September 13, 2011
Before the madness of Eurobike kicked off, Jon was invited to One Planet Adventure in Llandegla to see the new mountain bike specific shoe from Teva, the Links:
Teva (pronounced Teh-vah rather than Tee-vah) are well known in the world of watersports, having created the world’s first ‘sports sandal’ all the way back in 1984, when their founder and river rafting guide decided he needed something than held less water than a trainer but more secure than a flip flop. The idea rapidly caught on and Teva soon moved out into other forms of sport footwear as well as their sandals.
Despite this, the Links is their first foray into cycling shoes and they’ve been working with trials and freeride legend Jeff Lenosky (Links is the street he lives on) for the past year and a half to try and perfect it. It’s certainly a bit of a tech-fest. They’ve used their own proprietary variety of sticky rubber, Spider365, which they says gets even stickier when wet. It’s used on their watersports range but it should prove useful for mud covered flat pedals too.
The outer of the shoe is also extremely high tech, using water repelling ‘Ion Mask’ treatment on the leather and mesh upper. The coating waterproofs the fibres of the shoe at a molecular level, so although the shoe itself isn’t waterproof it is resistant to wetting out and soaking up water like some kind of trench-foot inducing sponge.
The rest of the shoe is finished to a high standard too, with durable laces and small cast eyelets on the upper two holes. The heel has a plastic stabilising band to keep you in place and there’s a shock absorbing pad for any hefty landings. On the toe there’s a rubberised grid to protect your toes and there’s plenty of padding all over.

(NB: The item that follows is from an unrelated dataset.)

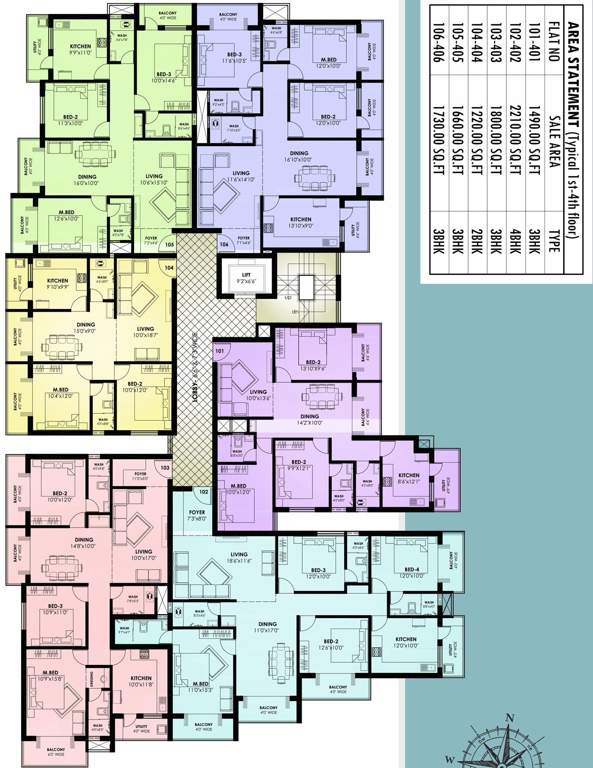  trevino Shalimar Trevino Cluster Plan from 1st to 4th Floor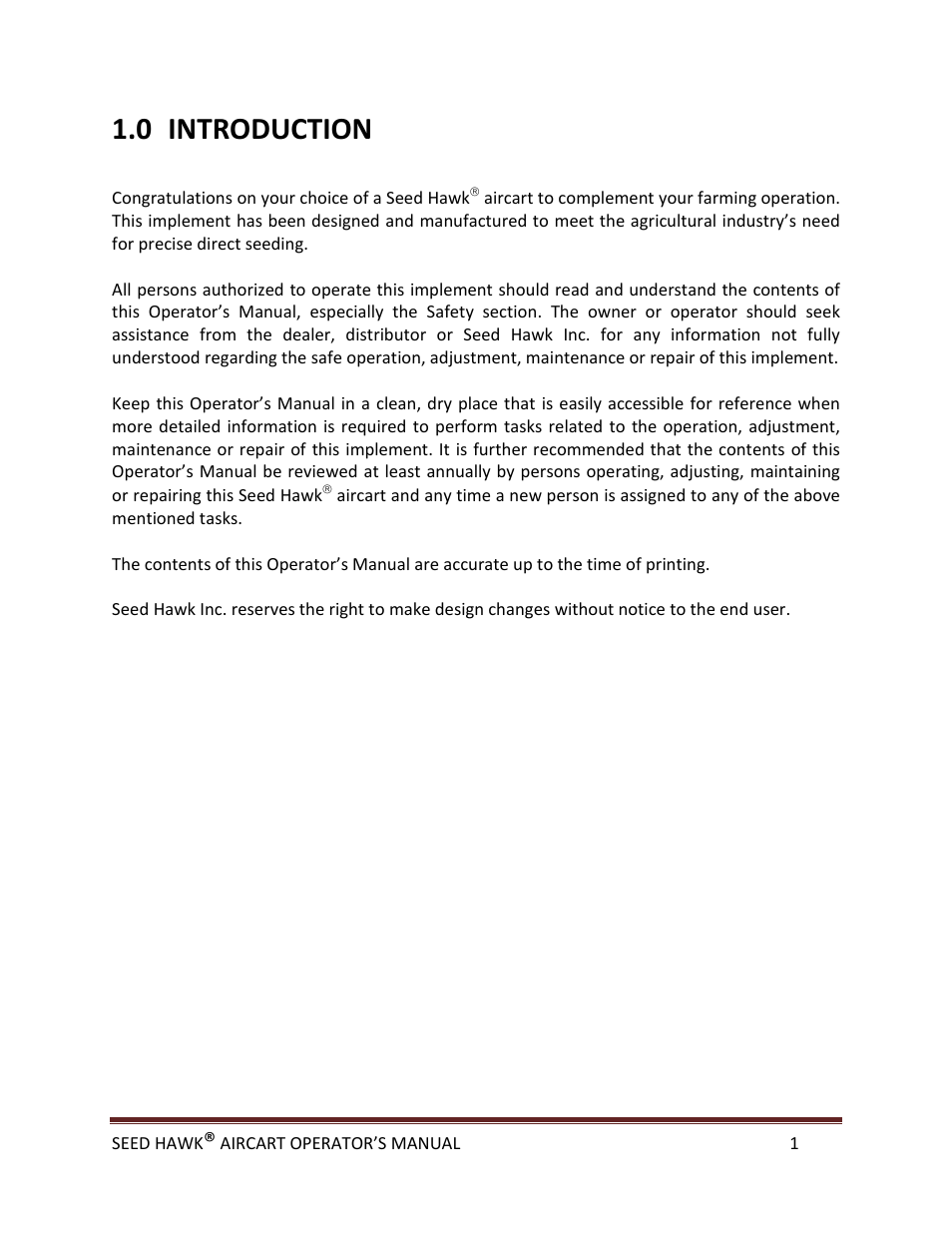0 introduction | Seed Hawk AIRCART 2013 User Manual | Page 6 / 99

The sole has also been thought through, with more aggressive tread on heel and toe to give extra traction when pushing up or down. The mid section is designed to hook up well with pedals and it’s just the right thickness too, giving plenty of feel but not to the point where individual pedal studs become uncomfortable. The sole hits a good balance between pedalling stiffness and allowing you to ‘squeeze’ around the pedal too.
That brings us to the inevitable comparison with the dominant brand of flat pedal shoe out there. The Spider 365 rubber isn’t as soft as Five Ten’s Stealth rubber and ultimately suffers in terms of outright sticky grip. That’s not to say the Links are slippy – far from it – and if you’re the kind of rider that likes to be able to constantly reposition their foot on the pedal then they’re arguably better. Teva say they’ve aimed more for the freeride market where all out grip isn’t the be all and end all as in more downhill orientated flat shoes.
The Links do score massive points in terms of comfort and quality. The insole is possibly the comfiest I’ve ever tried, feeling more like a set of nice Paul Smiths than a school pump. They’re extremely well made and hook up well on the pedal and off, the uphill grip being excellent thanks to the more aggressive sole.
After a hard days ‘work’ being given uplifts from the guys at One Planet Adventure and playing on the pump track, my feet still felt cosseted and in the soggy weather the shoes stayed a pleasant place to be.
As well as the purple ‘Ultra Violet’ colour scheme they also come in a yellow, grey and blue ‘Lunar Rock’ finish. Sizes are from a UK 6 all the way to a 13, with half sizes available.
We’ve got a couple of pairs to test, so keep your eyes peeled in the magazine for how they fare over the long term, but on first impressions the Links are set to give some established brands a run for their money.
The Links shoe will cost £85 and are available through independent bike shops across the country now.
Thanks to PJ, Jim and Ian from One Planet Adventure for good food, trails and willing uplifts, Neil Donoghue for showing us around and of course the guys from Teva for inviting us along and indulging my Imelda Marcos behaviour.